### [Exercise prompt]
When the string "Battery" is part of a line in the data below, report the whole line.

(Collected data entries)
★ ★ ★ ★ ★ ★ ★

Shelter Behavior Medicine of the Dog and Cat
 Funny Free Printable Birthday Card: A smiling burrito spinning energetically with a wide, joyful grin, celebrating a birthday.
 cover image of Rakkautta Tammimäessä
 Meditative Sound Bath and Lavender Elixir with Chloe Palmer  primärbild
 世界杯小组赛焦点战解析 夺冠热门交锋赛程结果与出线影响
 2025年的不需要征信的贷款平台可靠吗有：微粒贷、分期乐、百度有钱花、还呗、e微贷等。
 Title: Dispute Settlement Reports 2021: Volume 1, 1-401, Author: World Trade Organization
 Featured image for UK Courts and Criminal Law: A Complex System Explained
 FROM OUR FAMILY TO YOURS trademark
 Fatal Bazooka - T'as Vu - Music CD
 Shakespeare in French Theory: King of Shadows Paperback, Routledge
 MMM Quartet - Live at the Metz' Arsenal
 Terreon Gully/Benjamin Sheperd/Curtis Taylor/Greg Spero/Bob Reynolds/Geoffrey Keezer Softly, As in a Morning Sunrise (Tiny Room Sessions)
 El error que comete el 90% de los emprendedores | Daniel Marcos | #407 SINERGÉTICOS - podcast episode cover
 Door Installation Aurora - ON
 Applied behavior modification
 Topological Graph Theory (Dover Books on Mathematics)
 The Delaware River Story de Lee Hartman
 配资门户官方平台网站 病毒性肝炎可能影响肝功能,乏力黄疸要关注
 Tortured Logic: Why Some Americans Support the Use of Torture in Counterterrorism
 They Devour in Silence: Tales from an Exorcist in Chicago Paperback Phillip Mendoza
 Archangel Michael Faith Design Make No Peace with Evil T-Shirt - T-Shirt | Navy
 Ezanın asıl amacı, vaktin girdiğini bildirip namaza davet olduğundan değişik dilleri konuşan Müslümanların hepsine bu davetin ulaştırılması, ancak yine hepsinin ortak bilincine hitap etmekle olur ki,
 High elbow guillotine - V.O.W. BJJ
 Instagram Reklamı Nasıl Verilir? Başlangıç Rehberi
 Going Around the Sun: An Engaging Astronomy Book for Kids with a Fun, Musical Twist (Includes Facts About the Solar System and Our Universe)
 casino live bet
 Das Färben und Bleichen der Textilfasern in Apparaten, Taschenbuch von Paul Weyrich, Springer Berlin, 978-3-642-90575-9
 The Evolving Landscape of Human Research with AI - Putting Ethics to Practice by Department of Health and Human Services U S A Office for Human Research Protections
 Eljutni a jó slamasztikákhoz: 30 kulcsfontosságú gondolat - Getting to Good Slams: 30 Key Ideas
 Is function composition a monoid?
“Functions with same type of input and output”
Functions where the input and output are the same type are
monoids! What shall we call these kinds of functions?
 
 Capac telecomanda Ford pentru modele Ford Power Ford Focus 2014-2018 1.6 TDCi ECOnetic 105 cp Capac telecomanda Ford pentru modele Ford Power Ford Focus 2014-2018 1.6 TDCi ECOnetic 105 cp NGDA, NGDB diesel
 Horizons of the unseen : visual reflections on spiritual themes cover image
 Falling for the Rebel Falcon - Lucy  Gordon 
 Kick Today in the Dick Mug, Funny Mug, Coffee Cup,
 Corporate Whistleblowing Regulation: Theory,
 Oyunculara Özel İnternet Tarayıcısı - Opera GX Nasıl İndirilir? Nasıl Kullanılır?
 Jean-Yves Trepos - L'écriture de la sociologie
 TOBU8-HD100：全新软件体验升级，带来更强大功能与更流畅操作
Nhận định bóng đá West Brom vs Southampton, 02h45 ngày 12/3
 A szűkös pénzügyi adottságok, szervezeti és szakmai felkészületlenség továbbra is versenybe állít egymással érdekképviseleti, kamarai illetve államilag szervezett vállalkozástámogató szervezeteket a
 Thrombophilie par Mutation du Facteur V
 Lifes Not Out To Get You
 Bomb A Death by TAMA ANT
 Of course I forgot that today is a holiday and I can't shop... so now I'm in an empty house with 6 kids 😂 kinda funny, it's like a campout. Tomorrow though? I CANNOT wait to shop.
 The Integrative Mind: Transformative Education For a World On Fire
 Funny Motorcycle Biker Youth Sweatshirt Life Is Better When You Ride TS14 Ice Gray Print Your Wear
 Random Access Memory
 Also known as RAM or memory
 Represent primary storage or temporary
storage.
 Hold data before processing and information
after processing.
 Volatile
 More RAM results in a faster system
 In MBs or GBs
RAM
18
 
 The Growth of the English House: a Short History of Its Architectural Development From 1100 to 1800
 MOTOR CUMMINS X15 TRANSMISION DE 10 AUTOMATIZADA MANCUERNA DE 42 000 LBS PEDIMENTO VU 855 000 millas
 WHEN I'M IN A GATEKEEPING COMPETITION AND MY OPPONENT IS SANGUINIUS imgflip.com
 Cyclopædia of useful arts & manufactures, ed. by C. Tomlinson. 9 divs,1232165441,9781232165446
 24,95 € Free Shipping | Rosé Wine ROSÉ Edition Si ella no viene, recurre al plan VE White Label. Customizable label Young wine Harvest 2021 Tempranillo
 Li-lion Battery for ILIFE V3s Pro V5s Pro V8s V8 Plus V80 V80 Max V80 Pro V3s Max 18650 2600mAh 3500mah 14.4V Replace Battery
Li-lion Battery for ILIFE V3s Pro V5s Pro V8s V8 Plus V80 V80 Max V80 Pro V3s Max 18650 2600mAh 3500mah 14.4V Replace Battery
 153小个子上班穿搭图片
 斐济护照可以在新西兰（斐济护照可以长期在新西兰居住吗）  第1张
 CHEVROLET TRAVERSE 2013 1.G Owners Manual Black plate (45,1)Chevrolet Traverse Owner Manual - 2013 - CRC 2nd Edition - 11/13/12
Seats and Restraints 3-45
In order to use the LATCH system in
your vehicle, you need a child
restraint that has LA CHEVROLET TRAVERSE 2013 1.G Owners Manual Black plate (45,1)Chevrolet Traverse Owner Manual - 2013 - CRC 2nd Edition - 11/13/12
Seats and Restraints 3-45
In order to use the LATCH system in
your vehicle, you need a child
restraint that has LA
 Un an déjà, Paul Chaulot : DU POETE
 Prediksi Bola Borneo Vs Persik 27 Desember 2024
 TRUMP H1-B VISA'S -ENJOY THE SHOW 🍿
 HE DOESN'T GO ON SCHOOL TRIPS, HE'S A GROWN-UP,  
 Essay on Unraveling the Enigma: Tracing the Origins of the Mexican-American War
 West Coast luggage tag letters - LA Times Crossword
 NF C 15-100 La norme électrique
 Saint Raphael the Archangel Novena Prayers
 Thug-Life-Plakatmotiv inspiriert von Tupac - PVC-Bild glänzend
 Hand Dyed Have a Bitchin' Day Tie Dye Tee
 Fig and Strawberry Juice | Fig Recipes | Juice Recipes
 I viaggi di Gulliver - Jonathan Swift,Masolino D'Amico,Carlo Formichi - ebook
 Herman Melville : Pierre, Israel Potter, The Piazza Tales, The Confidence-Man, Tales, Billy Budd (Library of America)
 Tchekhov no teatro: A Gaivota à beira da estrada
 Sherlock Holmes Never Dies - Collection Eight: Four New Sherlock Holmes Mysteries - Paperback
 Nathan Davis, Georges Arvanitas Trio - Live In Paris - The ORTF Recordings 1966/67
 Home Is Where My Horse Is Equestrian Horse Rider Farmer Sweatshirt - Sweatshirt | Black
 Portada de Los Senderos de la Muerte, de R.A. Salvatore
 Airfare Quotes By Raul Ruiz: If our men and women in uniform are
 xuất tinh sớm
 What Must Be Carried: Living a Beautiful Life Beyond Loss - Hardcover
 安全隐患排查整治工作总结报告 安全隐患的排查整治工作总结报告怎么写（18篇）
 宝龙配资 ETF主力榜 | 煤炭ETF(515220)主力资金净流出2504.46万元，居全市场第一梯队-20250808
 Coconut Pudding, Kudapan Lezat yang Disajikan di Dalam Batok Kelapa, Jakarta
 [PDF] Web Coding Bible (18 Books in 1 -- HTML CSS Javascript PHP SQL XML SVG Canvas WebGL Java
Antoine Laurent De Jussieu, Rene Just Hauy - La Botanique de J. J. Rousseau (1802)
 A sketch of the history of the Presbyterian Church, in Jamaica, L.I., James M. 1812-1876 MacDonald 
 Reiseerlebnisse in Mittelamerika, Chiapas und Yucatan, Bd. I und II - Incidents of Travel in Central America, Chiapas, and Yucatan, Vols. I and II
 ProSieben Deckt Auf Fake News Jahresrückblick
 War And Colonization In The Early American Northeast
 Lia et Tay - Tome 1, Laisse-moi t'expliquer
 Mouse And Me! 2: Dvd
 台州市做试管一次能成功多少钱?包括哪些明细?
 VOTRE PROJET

★ ★ ★ ★ ★ ★ ★

### [Reply]
 Li-lion Battery for ILIFE V3s Pro V5s Pro V8s V8 Plus V80 V80 Max V80 Pro V3s Max 18650 2600mAh 3500mah 14.4V Replace Battery
Li-lion Battery for ILIFE V3s Pro V5s Pro V8s V8 Plus V80 V80 Max V80 Pro V3s Max 18650 2600mAh 3500mah 14.4V Replace Battery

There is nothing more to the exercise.